A startup that raised $445 million claiming to revolutionize app development with artificial intelligence has collapsed — after it was revealed that the “AI” behind its operations was, in reality, 700 human engineers based in India.
Builder.ai, once backed by tech giants including Microsoft, marketed itself as a no-code platform powered by an AI assistant called “Natasha,” which could supposedly build software like assembling Lego bricks. But as Ebern Finance founder Bernhard Engelbrecht highlighted in a widely shared post on X, Natasha wasn’t an algorithm — it was a large manual operation disguised as machine intelligence.
“Customer requests were sent to the Indian office, where 700 Indians wrote code instead of AI,” Engelbrecht noted, adding that the resulting apps were often buggy, dysfunctional, and riddled with unreadable code. “Everything was like real artificial intelligence,” he wrote — except that none of it was.
The unraveling began when creditor Viola Credit, which lent Builder.ai $50 million in 2023, seized $37 million from its accounts after the company defaulted. That move left Builder.ai unable to pay employees or continue operations. Additional funds held in India remain locked due to regulatory constraints, Bloomberg reported.
The startup has now entered formal insolvency proceedings, with a court-approved administrator appointed in the U.K. to explore asset recovery and business salvage options.
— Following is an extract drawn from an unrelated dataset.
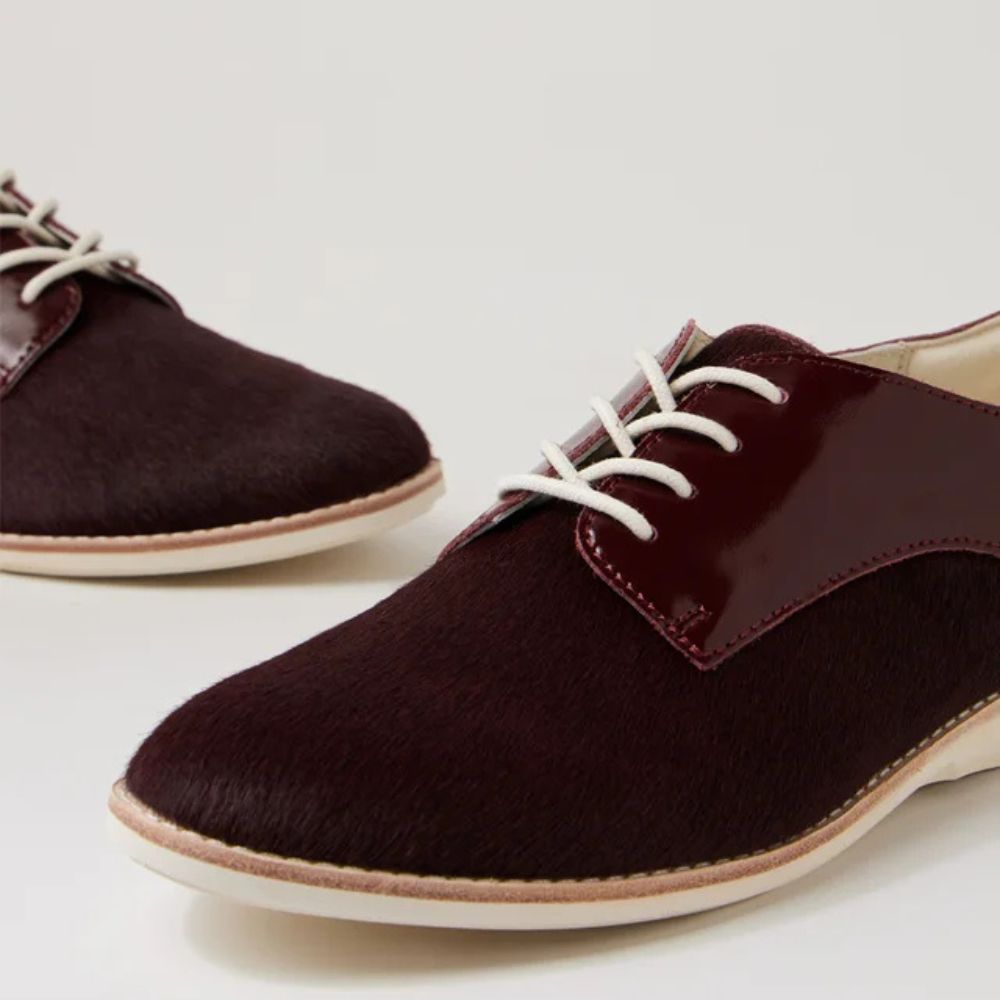 Pair of cherry burgundy leather shoes with white laces on a light background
Builder.ai said on LinkedIn that it is “working closely with administrators” and thanked its staff and stakeholders while acknowledging that earlier missteps had pushed the company “beyond recovery.”
The episode has quickly become a symbol of the growing fragility in the AI startup space, where hype often races ahead of hard technology. “Many AI firms rushed to scale on the back of hype, often lacking strong financial controls or truly differentiated offerings,” said Phil Brunkard of Info-Tech Research Group.
For a company once touted as the future of no-code AI, Builder.ai’s collapse raises deeper questions about due diligence, transparency, and how easily investor dollars can be misled by the illusion of automation.